It is vital that everyone in New South Wales can access the community legal help that they need. That's why our 2021 Pre-Budget Submission focuses on ensuring equal access to justice for everyone in NSW. We're calling on the NSW Government to provide community legal centres with adequate funding so that we are able to help our communities facing financial hardship, disadvantage, discrimination, natural disasters, and domestic and family violence.
We believe that getting legal help shouldn’t be determined by your bank balance or postcode. Everyone in NSW should be able to access independent and affordable legal advice. However, many people experiencing disadvantage and discrimination can’t access appropriate legal supports where and when they need them. Without legal assistance, people’s problems can spiral out of control, pushing them into poverty, homelessness, debt, and danger. This leads to more people interacting with public hospitals, police, courts, prisons, and the out-of-home care system
There is no shortage of legal need in NSW. Many community legal centres struggled to meet demand for services even before COVID-19 struck. The pandemic’s social and economic impacts have thrown up many legal issues that disproportionately harm the people and communities that community legal centres support: those reliant on social security, living on low incomes or with insecure work, Aboriginal and Torres Strait Islander people, people with disabilities, renters, people experiencing homelessness, and people experiencing domestic violence.

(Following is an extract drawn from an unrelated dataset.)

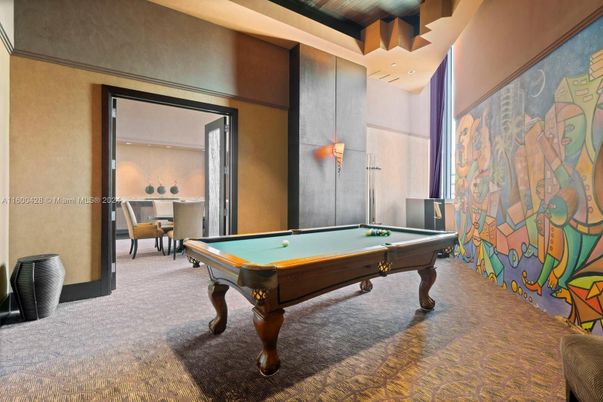 Billiard Table, Game Room, Interior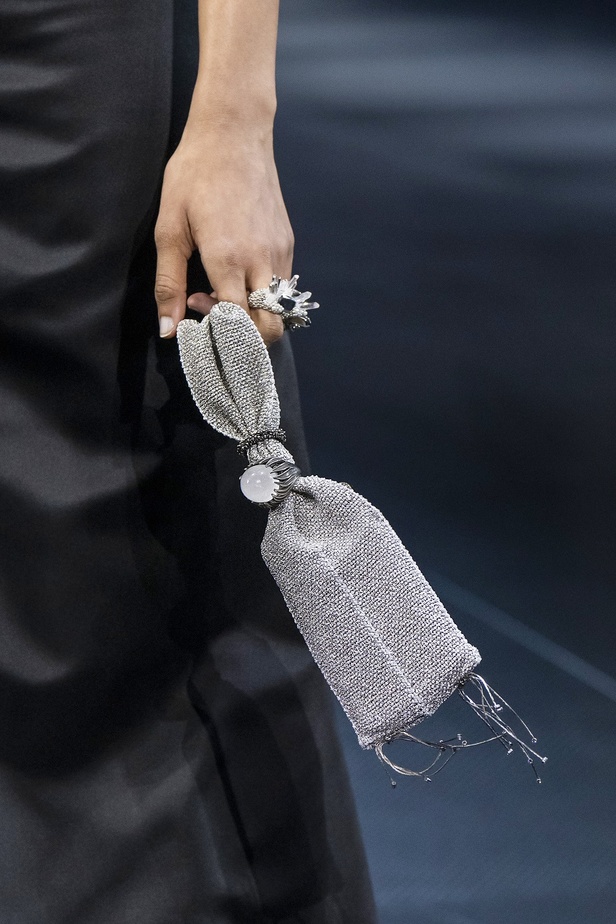 عرض أزياء فندي للهوت كوتور لربيع وصيف 2022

Community legal centres make a little go a long way. We are well-recognised as effective and efficient service providers. In the 2019-20 financial year, community legal centres in NSW supported at least 53,757 people. Almost 75% were experiencing financial hardship and 21% had experienced domestic and family violence.
Our 2021-22 Pre-Budget Submission includes recommendations for the expansion of the NSW Community Legal Centre Program, as well as specialised funding requests for particular areas of legal need. Overall, we recommend that the NSW Government invest an additional $11.68 million per year over the next four years into the community legal centre sector in NSW.
Maintain increased funding for community legal centres to June 2025. $5.43 million per year into the NSW Community Legal Centre Program to enable the sector to meet increased demand for services arising from the COVID-19 pandemic and continue to develop innovative tech-based solutions to address legal need in their communities.
Strengthen our disaster response and readiness. $1.5 million recurrent funding for community legal centres to respond to legal need in bushfire affected communities and prepare for future disasters.
Increase access to justice in NSW. $655,000 to include the NSW operations of four national community legal centres within the NSW Community Legal Centres Program.
Ensure that everyone in NSW has access to free community legal help no matter their postcode. $698,000 to cover geographic service gaps.
Support families and children in out-of-home care. $490,000 to restore child protection services defunded by Legal Aid NSW in 2019.
Support victim-survivors of domestic and family violence. $2.91 million to improve access to justice for people experiencing domestic, family and sexual violence.
Fund initiatives to reduce the over-incarceration of Aboriginal and Torres Strait Islander people. $19.3 million over five years to establish the Walama Court. Fund the full implementation of all 125 recommendations of the 'Family is Culture' Independent Review of Aboriginal and Torres Strait Islander Children in Out-of-Home Care in NSW.